Editorial
The more things change
The long march for Chure conservation is suggestive of Nepali state’s neglect of the grassroots.Federalism in Nepal is alive and kicking. Eight-and-a-half years after the new constitution institutionalised a three-tier federal state, the provinces, the second tier, neither have police forces of their own nor can they employ their own civil servants. Whenever there is a change of government in Kathmandu, or even a change in coalition partners for that matter, the provincial governments too are invariably rocked. Oh, and when folks in other provinces face some problem, they have to troop all the way to Kathmandu for redress. Sugarcane farmers have repeatedly made the long march from various districts in the Tarai-Madhesh in order to demand a decent price for their produce. The same is the case with the 22-member Chure and Forest Conservation Campaign team that is currently marching from Bhardaha of Saptari district to Kathmandu. Their goal is to garner the national government’s attention on the destruction of the Chure region, a string of low hills stretching from Mechi in the east to Mahakali in the west.
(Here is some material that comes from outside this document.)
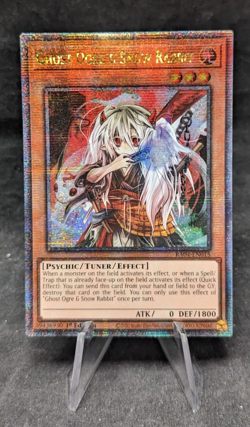 Ghost Ogre & Snow Rabbit RA04-EN015 - Yugioh TCG - QCR Misprint Stamp - NM - Image 1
Natural water sources originating at the foothills of Chure have been drying up in the past few years, and the first layer of underground water has been severely depleted in much of the Tarai. The campaigners started the long march on April 28 in to exert pressure on authorities concerned about the unchecked deforestation and haphazard extraction of sand and stones in the Chure region, resulting in an acute water crisis. The campaigners have a 12-point charter of demands, including strong action against forest officers who work hand in glove with smugglers, control of illegal extraction of river-bed materials from the rivers and streams in the Chure region, declaration of Madhesh as a dry zone, and concrete plans to control forest fires. Last year, the campaign had undertaken a similar march to Kathmandu demanding control of the pollution of the Sirsiya river that flows through Birgunj, a major business hub in Madhesh Province. The Sirsiya river has become highly polluted due to the toxic industrial waste generated by several factories on the Parsa-Bara industrial corridor. The campaigners had met many high-ranking government officers and ministers in Kathmandu. But nothing happened.
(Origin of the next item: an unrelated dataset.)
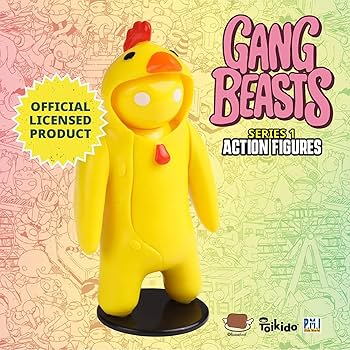 Amazon.co.jp: Gang Beasts アクションフィギュア 究極のコレクター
The country’s most eco-sensitive region is being devastated by illegal deforestation and sand-mining and millions of people are having to scrounge for water. Yet the authorities, both at the federal and provincial levels, seem unbothered. One big reason the old unitary state was replaced by a federal setup was so that the fruits of development could trickle down to the lowest rungs of the society, and the voices of people at the grassroots could be heard and addressed without delay. Yet what we see is that the same criminal-political nexus that benefitted the most from the old structure continues to dominate the federal state as well. In many cases, the illegal miners and deforestors active in the Chure region would have funded the election campaigns of (current) federal and provincial lawmakers, getting in return the licence to do pretty much as they please. People at the grassroots meanwhile have to beg with the authorities just to drink some clean water. Apparently, the more things change in Nepal, which has long been under the sway of a corrupt elite, the more they stay the same.